Can we, as Muslims, come up with our own convincing Islamic arguments for pluralistic open societies? Not only for co-existing as minorities but as fully engaged and invested co-citizens — whether as majorities or minorities?

Throughout this project we’ll examine all of the components that make up this question, which multiple regions of the world wrestle with today — whether Muslim-majority societies post-Arab Spring, or European societies confronting a multicultural paradigm that appears to be failing.

We’ll examine the forces behind the rise of right-wing illiberalism, what it means to “indigenize” liberty and why we need to do it, and why today is one of the most dynamic periods in Muslim thought. We will explore the making of Islamic tradition — the place of history, tradition, and politics — and see how the Islamic mainstream has shifted several times in history, before analysing what “authentic” really means in the context of Islam and who can claim to speak on its behalf.

After this, we’ll turn to the problem of radicalization; a poorly-understood and even more poorly-defined phenomenon with massive significance to the global rise of illiberalism.
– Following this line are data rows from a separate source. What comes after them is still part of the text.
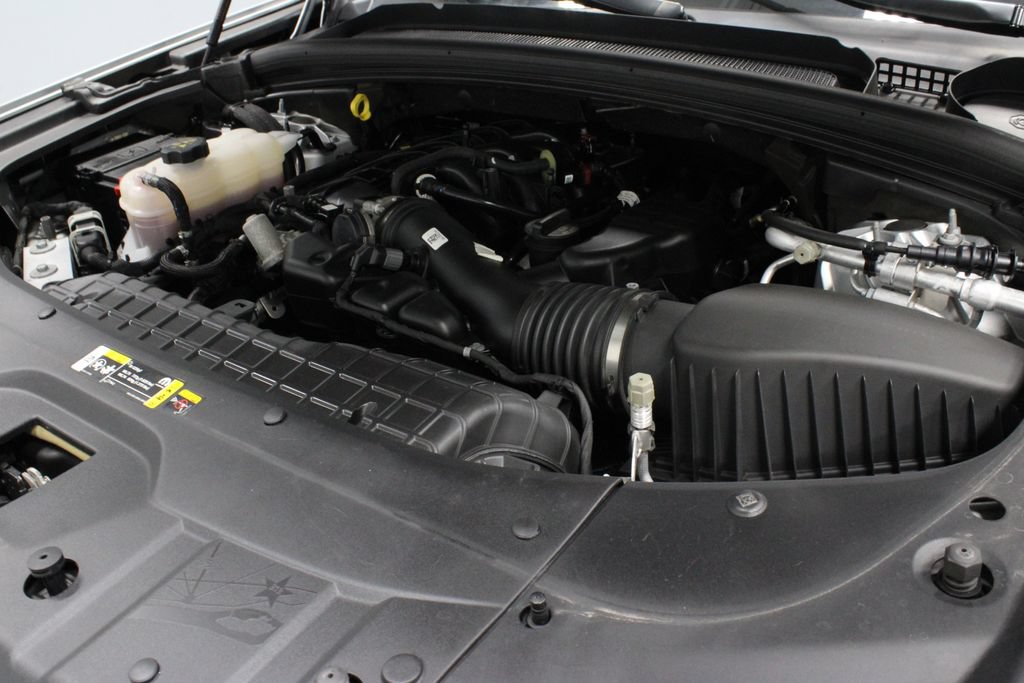 Used 2023 Jeep Grand Cherokee Altitude AWD/4WD image 17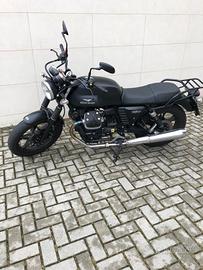 Moto Guzzi V7 II - 2016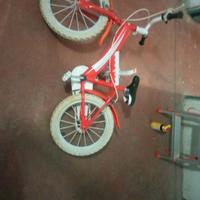 Bicicletta kinder da 12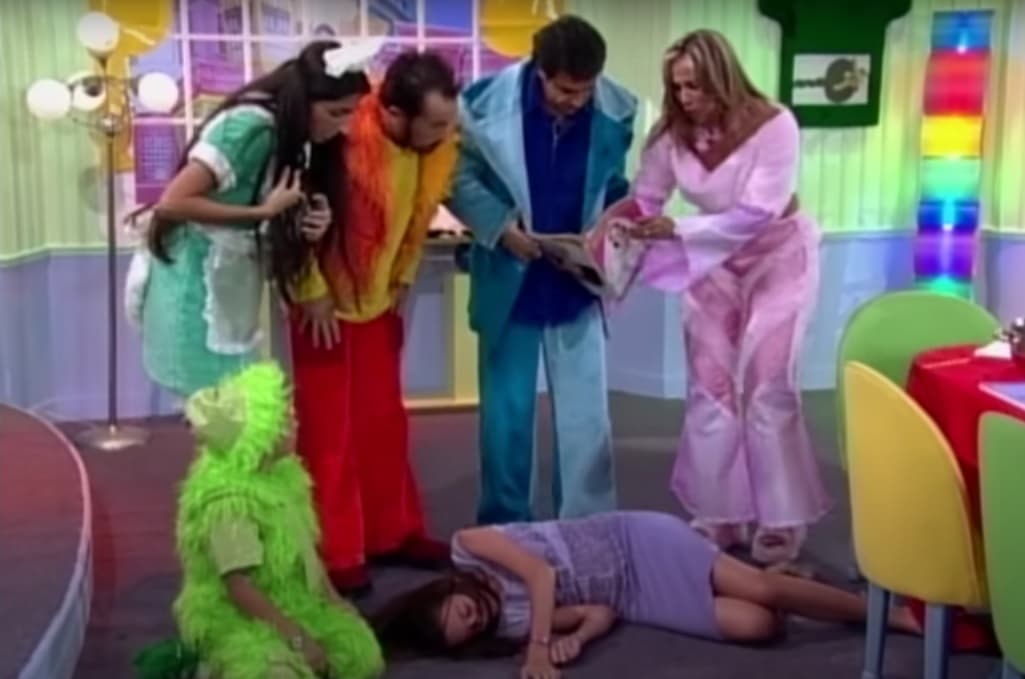 ¿Qué fue de Ludoviquito Peluche? El actor de ‘La familia P. Luche’ luce súper cambiado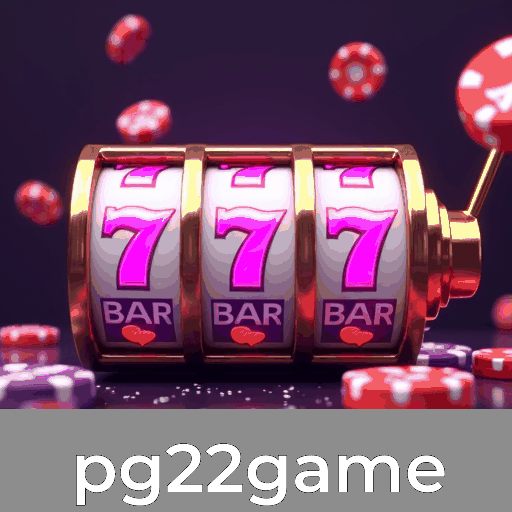 pg22game: Bônus Imbatíveis e Ofertas Únicas para Você!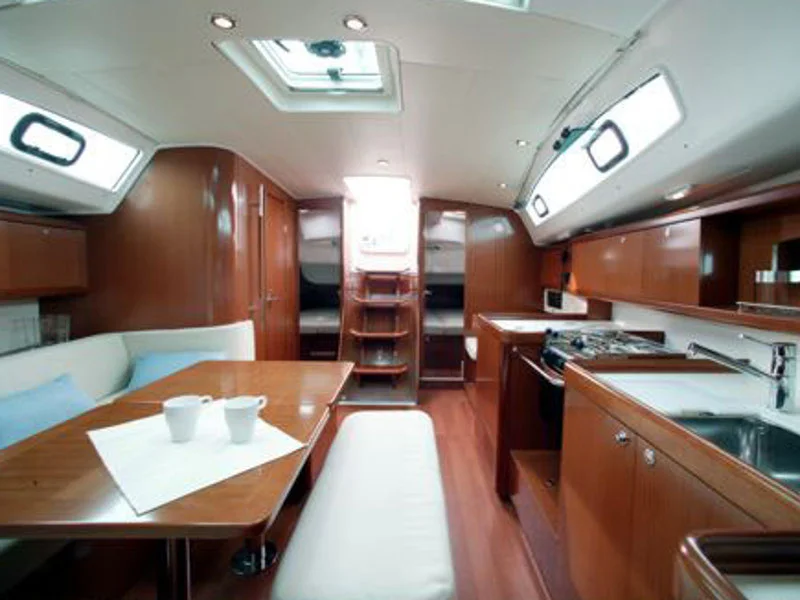 Interior image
How do we relate the phenomenon to the global rise of populism and illiberalism, and the erosion of liberal democratic values? We’ll explore the Islamist extremist narrative, and how it relates itself to tradition and history — but then we’ll compare it to other populist rhetoric for some interesting and striking conclusions.

After the “populist grand narrative” we’ll then turn to the reverse, the “liberal grand narrative” and search for the values that lie at the root of the idea of liberalism, so that we can more easily compare Islamic ideals against it.

We’ll look at the concepts of integration, civic nationalism and what it means to be a young Muslim in Europe today caught between these currents, before finally turning to the question of Islam and reform. What does “reform” in the Islamic context look like — given that we do not have an institution similar to, say, the Catholic church, to be “reformed”? What are its principles and priorities? And what is the place of “the West” in these discussions?